ValueError: Scale file experimental/odac/configs/is2re/gemnet-oc.pt does not exist.

This is similar to what was noted in closed issue #603. If I remove the scale file from the config in the checkpoint (similar to as done in PR #625), and try to do predictions, I get errors like:

Scale factor int_blocks.3.quad_interaction.scale_sbf_sum is not fitted. Please make sure that you either (1) load a checkpoint with fitted scale factors, (2) explicitly load scale factors using the `model.scale_file` attribute, or (3) fit the scale factors using the `fit.py` script.

Thanks!

anuroopsriram commented 1 month ago

Hi: Our codebase changed significantly recently and this has been causing small issues. For Equiformer, I've updated the checkpoints in this PR: https://github.com/FAIR-Chem/fairchem/pull/893/files For Gement-OC, can you try using this scale file: configs/odac/s2ef/scaling_factors/gemnet-oc.pt

pimdh commented 1 month ago

Thanks a ton, @anuroopsriram! This solves the issue for EquiformerV2.
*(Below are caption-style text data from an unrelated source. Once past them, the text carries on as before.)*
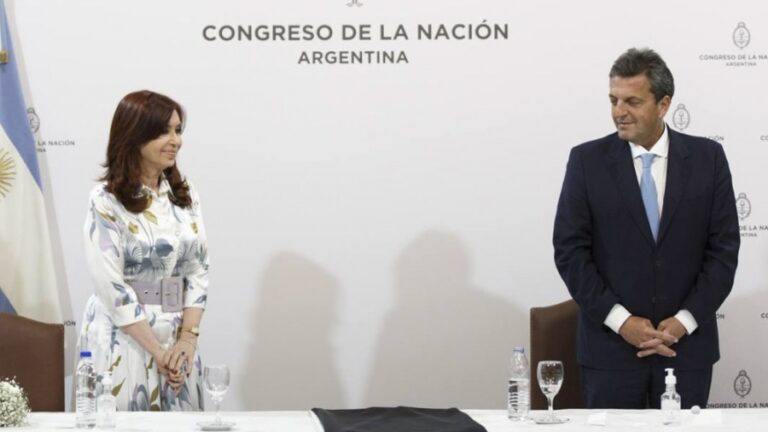 Cristina Kirchner y Massa firmaron la designación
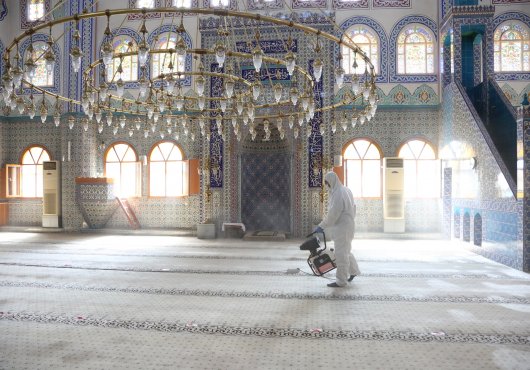 DARICA'DA DEZENFEKTE ÇALIŞMALARI DEVAM EDİYOR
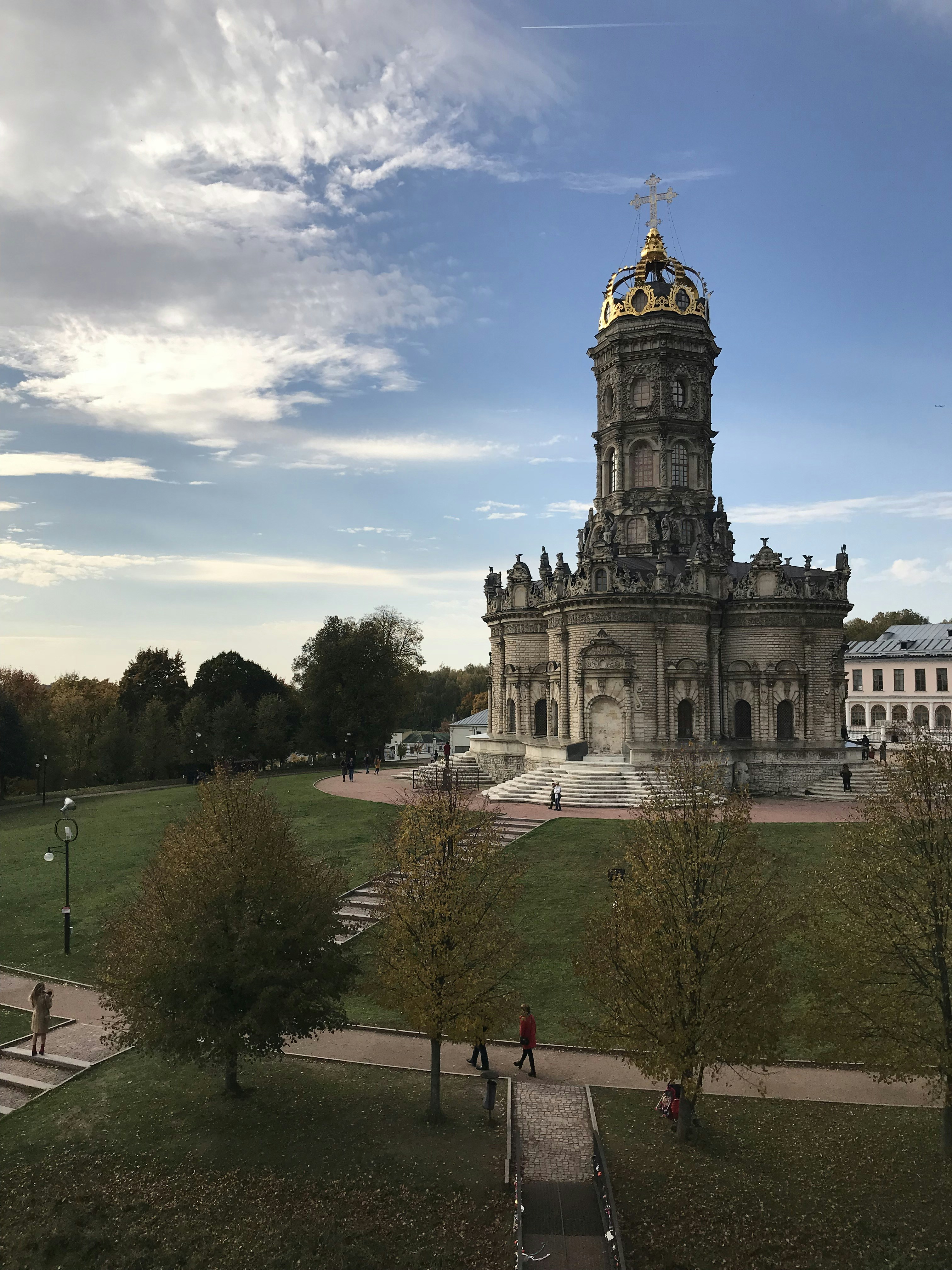 ein großes Gebäude mit einer goldenen Kuppel darauf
Unfortunately, for Gemnet, that scale file doesn't work. I try running on branch anuroopsriram-patch-1, commit 2788d9e9c4a36263. Get model with:

wget "https://dl.fbaipublicfiles.com/dac/checkpoints_20231018/Gemnet-OC_Direct.pt" -O /tmp/fairchem_checkpoints/Gemnet-OC_Direct.pt

Then run:

checkpoints = "/tmp/fairchem_checkpoints/Gemnet-OC_Direct.pt"
data = torch.load(checkpoints)
data["config"]["model_attributes"]["scale_file"] = "/opt/fairchem/configs/odac/s2ef/scaling_factors/gemnet-oc.pt"
torch.save(data, checkpoints)
calc = OCPCalculator(checkpoint_path=checkpoints, cpu=False)

Yields error

WARNING:root:Scale factor out_blocks.0.scale_rbf_F not found in model
WARNING:root:Scale factor out_blocks.1.scale_rbf_F not found in model
WARNING:root:Scale factor out_blocks.2.scale_rbf_F not found in model
WARNING:root:Scale factor out_blocks.3.scale_rbf_F not found in model
WARNING:root:Scale factor out_blocks.4.scale_rbf_F not found in model
...
ValueError: Scale factor parameter int_blocks.0.trip_interaction.scale_rbf.scale_factor is inconsistent with the loaded state dict.
Old: Parameter containing:
tensor(8.6465, device='cuda:0')
Actual: 0.0
github-actions[bot] commented 2 days ago

This issue has been marked as stale because it has been open for 30 days with no activity.